Jennings glanced at the picture and recoiled.
“I’ve never seen that picture before!”
“It was in your truck, under the floor mat.”
“In my truck?”
“Yes, son, in your truck. Possession of child pornography is a federal crime, Gary-that picture alone can put you in prison for most of your adult life.”
“I don’t know how it got in my truck.”
“Well, what about her jersey? How’d that get in your truck?”
“What jersey?”
“Gracie’s soccer jersey. It was in the back of your truck, under the bed cover.”
“Her jersey was in my truck?”
“Yes.”
“This has gotta be a joke, a big mistake!”
“What about the nine phone calls you made to Gracie last week, are those a big mistake?”
“I never called her!”
“We traced the calls to your cell phone.”
“ My cell phone? I don’t know… I leave the phone in my truck. I never lock it.”
“Why not?”
“Because there’s no crime out here, just like the mayor says! Do you lock your car? Maybe someone used my cell phone while I was at work.”
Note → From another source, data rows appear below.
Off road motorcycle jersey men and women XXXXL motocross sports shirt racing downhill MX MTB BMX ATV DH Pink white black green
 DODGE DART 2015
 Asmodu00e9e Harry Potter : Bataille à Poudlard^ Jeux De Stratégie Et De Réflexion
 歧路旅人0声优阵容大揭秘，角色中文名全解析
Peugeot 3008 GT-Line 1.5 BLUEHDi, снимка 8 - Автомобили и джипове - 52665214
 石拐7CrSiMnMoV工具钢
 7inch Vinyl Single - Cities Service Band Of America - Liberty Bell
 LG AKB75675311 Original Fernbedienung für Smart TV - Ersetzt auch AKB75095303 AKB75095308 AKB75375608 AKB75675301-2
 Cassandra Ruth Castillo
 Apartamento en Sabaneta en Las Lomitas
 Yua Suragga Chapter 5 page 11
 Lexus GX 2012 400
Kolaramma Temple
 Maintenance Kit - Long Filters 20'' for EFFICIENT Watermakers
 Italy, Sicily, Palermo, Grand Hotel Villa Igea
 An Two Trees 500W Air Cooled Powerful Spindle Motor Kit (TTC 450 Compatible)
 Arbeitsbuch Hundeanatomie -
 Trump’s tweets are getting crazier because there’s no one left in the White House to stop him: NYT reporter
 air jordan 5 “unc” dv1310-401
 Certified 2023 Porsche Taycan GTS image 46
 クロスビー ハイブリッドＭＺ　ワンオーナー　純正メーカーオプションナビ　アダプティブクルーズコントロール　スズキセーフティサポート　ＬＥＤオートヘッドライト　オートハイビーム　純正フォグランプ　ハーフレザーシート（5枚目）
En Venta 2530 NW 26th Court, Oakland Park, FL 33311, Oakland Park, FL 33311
“Oh, okay, someone’s framing you?”
“Yes!”
Ryan leaned back in his chair, crossed his arms, and studied Gary Jennings. Twenty-eight years old with a boyish face and frame, he didn’t look like your typical sexual predator; in fact, he looked like Ryan’s son-in-law, a proctologist in Dallas. And most predators weren’t nearly so convincing in their claims of innocence-the boy was good. But he had made a prior trip through the system, so he knew to deny, deny, deny; juries liked that when they listened to the interrogation tape. Ryan decided to ratchet up the pressure, give the boy something to think about.
“Okay, Gary, let’s summarize your defense for the jury: a sexual predator premeditates his abduction of Gracie weeks in advance. He searches the state’s sex offender database and finds you, a convicted sex offender who just happens to fit his description to a T, who just happens to live three miles from the park, and who just happens to work for Gracie’s father. Then, during the week prior to the abduction, he goes to your place of employment, finds your truck unlocked, plants child pornography in it and uses your cell phone to place nine calls to Gracie. Then, after he abducts Gracie and rapes her and kills her in the woods behind the park, he dumps her body and drives over to your apartment and tosses her jersey in your truck to frame you.” Ryan turned his hands up. “Gary, you’re a smart fella. Do you really expect a jury of adults to believe that?”